DOT's George Molaski begins a third and final endeavor?public service

For George Molaski, the Transportation Department's first chief information officer, a job with the government seemed like the logical next step for someone who already had experienced life as a student and a businessman.

For George Molaski, the Transportation Department's first chief information officer, a job with the government seemed like the logical next step for someone who already had experienced life as a student and a businessman.

"I always liked the comment...'Spend one-third of your life educating yourself, one-third of your life earning money and one-third of your life in public service,' " Molaski said. "I believe everybody should get involved in public service to contribute in whatever manner they see fit."

From early on, Molaski had an interest in computers and education. He received a bachelor's degree in computer science from the University of Dayton and then briefly went to work for NCR Corp. rewriting Fortran compilers. He later received a master's degree in business administration from his alma mater and returned to work for NCR, this time in the organizational development area.

The Army sent him to Washington, D.C., on Memorial Day in 1970, and among his tasks was to rewrite the service's haircut regulations at a time when the battle between "long hairs" and "short hairs" was heating up. Molaski jokingly calls that work his "real claim to fame."

Most recently, Molaski was president of Writers Club, which has an Internet site that posts and sells books written by independent authors. Customers can order a book from the World Wide Web site (writersclub.com) and have it printed on demand.

Molaski also was executive vice president of Advanced Paradigms Inc. and president of the former research outfit IDC Government. He still volunteers as chairman of the Falls Church, Va. Economic Development Authority.

"I was always looking at technology as a tool to make business better, [to provide] a competitive advantage and to make our jobs easier," Molaski said. "For me, it's never been technology for technology's sake. But I do love my toys." A high-definition TV and another PalmPilot are on his personal wish list, he said.

Molaski believes his background has provided the right mix of skills to be successful. "I have a very broad base of technical skills and understanding of IT," he said. "I've seen it in a variety of industries, including transportation and government. The other side is business orientation. I've been fortunate enough to be in executive positions in some very good business organizations."

Part of his job as CIO will be to ensure that DOT makes wise technology investments.

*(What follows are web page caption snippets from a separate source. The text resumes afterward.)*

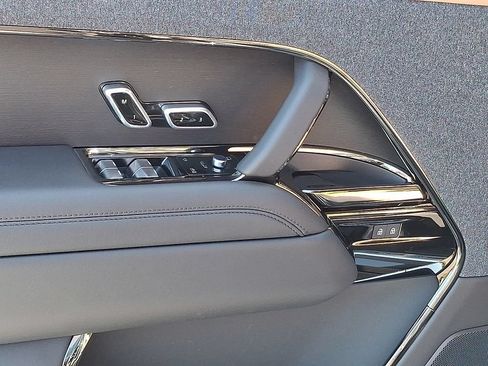 New 2026 Land Rover Range Rover Sport Dynamic SE AWD/4WD image 8
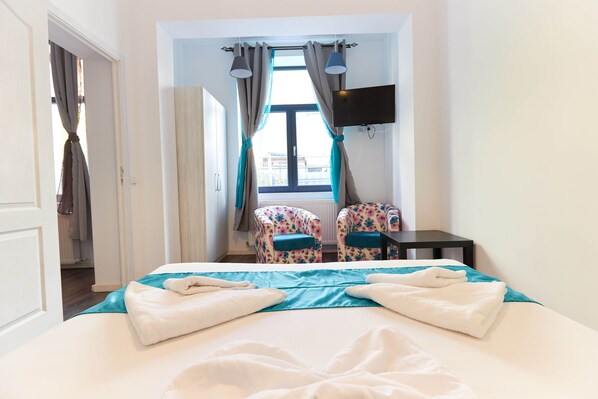 1 bedroom, WiFi - Superior Apartment (Sector 2)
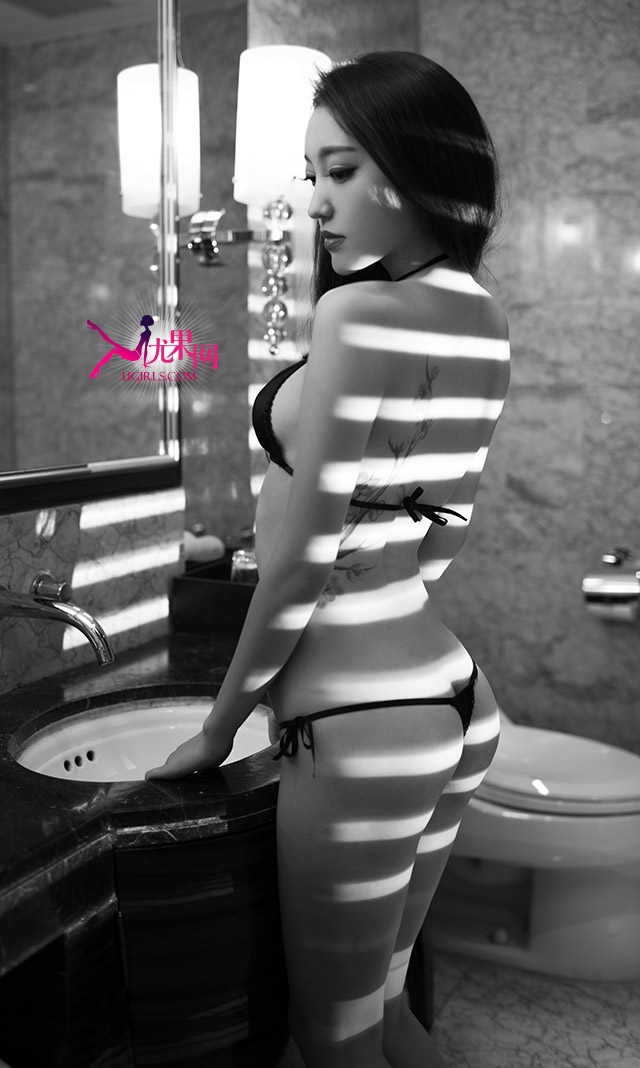 女郎张冬美艳私房写真酥胸半裸美腿销魂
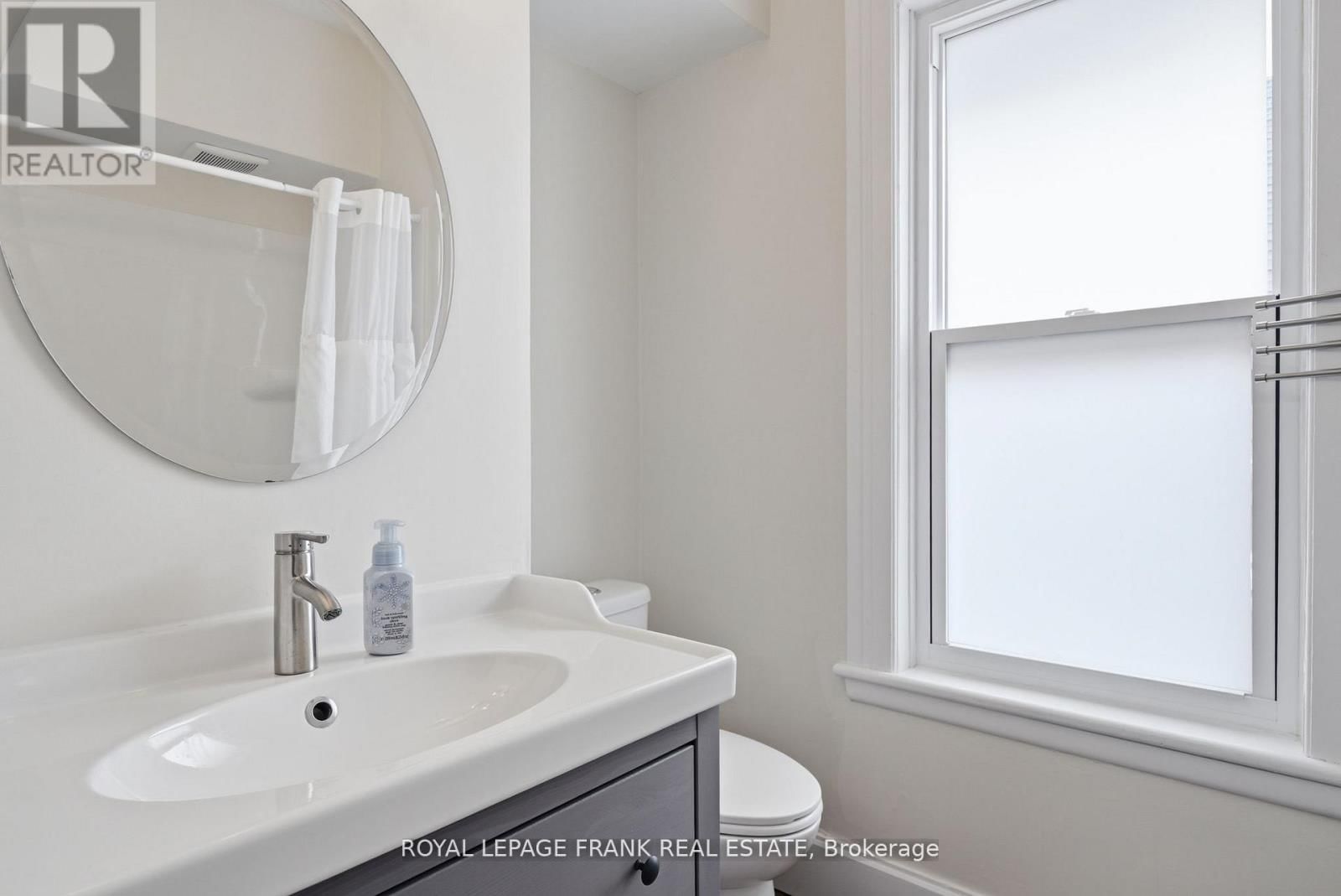 121 DURHAM STREET WEST Image 17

Molaski said DOT will create an IT investment board, like those in other federal agencies, that will oversee the budget process and have a final say on how money should be spent.

He also plans to migrate the department to using single e-mail package and eventually a common suite of office applications to improve communication. The CIO's office already is evaluating Microsoft Corp.'s Exchange and Office 2000 packages for potential departmentwide rollout.

Not surprisingly, Molaski plans to use the Internet to disseminate more transportation-related information and beef up the department's intranet to give the public and DOT's employees easy access to information and provide a feedback loop.

He is considering creating a "transportation portal" for this purpose. "Much of DOT is in the first generation of using the Internet right now," he said. "It's not as user-friendly as it could be. We want to change that."

Like other CIOs in government, Molaski said he faces work force and training challenges, especially with the private sector promising young workers high salaries and good benefits.

But perhaps his biggest challenge is funding the activities he wants to pursue. He was hired as CIO just three months ago and therefore had little input into the fiscal 2001 budget.

"A lot of initiatives I want to do will have to be off-budget or will have to wait [until 2001]," he said. "That was the biggest shock."